Cet ouvrage est donc au centre de dynamiques qui dessinent les nouveaux champs historiques : un rééquilibrage dans l’intérêt porté aux différents secteurs productifs, une réaction contre une historiographie européocentrique pondérant mal les rapports culturels et économiques entre les régions du monde aux époques anciennes, un glissement de l’approche de l’offre à celle de la demande, un croisement encore très négligé entre l’économique, le social et le culturel. Ces tendances étaient en gestation dans les dernières années du XXe siècle et ce colloque a été en fait novateur, car d’autres rencontres programmées depuis dans des pays voisins confortent et développent cette tendance.

La grande majorité des communications sont de haut niveau et apportent leur pierre à l’édifice historiographique. On ne peut citer toutes les communications. Plusieurs montrent la proximité entre le luxe et l’État, la création par exemple d’une production de luxe par le pouvoir pour revendiquer une position internationale, comme à Trieste au XVIIIe siècle (Daniele Andreozzi). D’autres mettent en valeur le savoir-faire suisse en matière d’horlogerie et d’automates, ou de stratégies d’exportation et apportent une utile contribution à une histoire horlogère jusqu’alors très centrée sur les aspects techniques et sur les marques (Marie-Agnès Dequidt, Sandrine Girardier). D’autres traitent de la diffusion socialement large de produits rares et coûteux, au travers « d’avatars », d’imitation bon marché, comme dans le cas du vinaigre balsamique de Modène (Alberto Grandi et Stefano Magagnoli) : une tentation permanente des marques de luxe d’aujourd’hui en constant ajustement entre « démocratisation » du luxe, élargissement des ventes par des produits meilleur marché au détriment de leur réputation et recentrage en réaffirmant leur vocation élitiste.
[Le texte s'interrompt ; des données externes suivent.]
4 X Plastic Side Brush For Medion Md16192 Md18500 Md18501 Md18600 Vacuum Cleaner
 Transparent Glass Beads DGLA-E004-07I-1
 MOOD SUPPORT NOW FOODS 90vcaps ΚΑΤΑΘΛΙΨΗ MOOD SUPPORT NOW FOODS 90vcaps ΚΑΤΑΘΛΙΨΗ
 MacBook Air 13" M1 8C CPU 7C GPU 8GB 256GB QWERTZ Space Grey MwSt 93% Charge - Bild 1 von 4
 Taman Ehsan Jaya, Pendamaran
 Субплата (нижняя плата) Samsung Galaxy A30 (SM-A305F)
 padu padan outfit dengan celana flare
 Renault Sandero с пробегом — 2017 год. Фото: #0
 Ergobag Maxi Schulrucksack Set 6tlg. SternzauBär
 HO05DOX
D’autres enfin apportent matière à une réflexion sur l’utilisation de matières premières de « moindre » valeur ou de rebuts que l’on considère habituellement comme la cause d’une inévitable « baisse » de qualité permettant un élargissement social de la clientèle des produits de luxe : Frank Dellion montre que l’utilisation d’un déchet, la schappe de la soie, est à l’origine d’innovations de produits, de modifications de la matière du tissu qui peut profiter à des effets de mode. On sait bien que la multiplication des tissus mélangés dans la première moitié du XIXe siècle visait moins une baisse des prix des tissus que des stratégies de mode fondées sur toutes les innovations de matière qu’elle permettait, conjuguée avec les effets obtenus par les changements d’armure et de finitions.

Outre la réelle valeur ajoutée au niveau de la réflexion qu’apportent les deux textes liminaires, l’ouvrage met donc à disposition des lecteurs une importante masse d’informations sur l’histoire du luxe. Il concerne non seulement les historiens mais aussi plus largement tous ceux qui s’intéressent aux industries actuelles du luxe et à la fonction du luxe dans les sociétés contemporaines.